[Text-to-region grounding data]
※ ※ ※

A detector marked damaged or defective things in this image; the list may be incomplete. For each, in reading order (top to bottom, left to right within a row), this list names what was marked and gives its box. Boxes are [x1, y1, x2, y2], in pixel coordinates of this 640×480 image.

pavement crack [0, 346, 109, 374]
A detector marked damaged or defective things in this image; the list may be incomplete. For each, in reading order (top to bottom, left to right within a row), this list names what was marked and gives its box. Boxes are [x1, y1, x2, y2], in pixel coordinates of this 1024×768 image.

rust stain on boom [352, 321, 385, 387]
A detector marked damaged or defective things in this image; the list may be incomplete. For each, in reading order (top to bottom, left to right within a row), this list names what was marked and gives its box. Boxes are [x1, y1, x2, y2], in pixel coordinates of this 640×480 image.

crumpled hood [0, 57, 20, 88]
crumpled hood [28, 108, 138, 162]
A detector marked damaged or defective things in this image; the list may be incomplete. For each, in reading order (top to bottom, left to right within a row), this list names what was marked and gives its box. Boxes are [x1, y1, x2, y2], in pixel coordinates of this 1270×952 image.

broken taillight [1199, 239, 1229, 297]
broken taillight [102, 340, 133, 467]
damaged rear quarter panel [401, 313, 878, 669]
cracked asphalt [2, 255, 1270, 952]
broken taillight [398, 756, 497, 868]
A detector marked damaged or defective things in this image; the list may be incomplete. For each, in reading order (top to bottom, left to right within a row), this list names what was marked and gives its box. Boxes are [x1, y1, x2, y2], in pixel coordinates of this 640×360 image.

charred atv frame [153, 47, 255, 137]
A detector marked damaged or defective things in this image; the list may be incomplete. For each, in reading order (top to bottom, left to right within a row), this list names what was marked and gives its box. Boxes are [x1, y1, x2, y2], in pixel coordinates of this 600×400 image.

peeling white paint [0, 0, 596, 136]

※ ※ ※

* _Exercise requirements_
Nothing from before the line containing "this 600×400 image." should appear; copy that line and each one after it through the last line of the entries, exactly.

* _Solution for this task_
A detector marked damaged or defective things in this image; the list may be incomplete. For each, in reading order (top to bottom, left to right within a row), this list names what was marked and gives its box. Boxes are [x1, y1, x2, y2], in pixel coordinates of this 600×400 image.

peeling white paint [0, 0, 596, 136]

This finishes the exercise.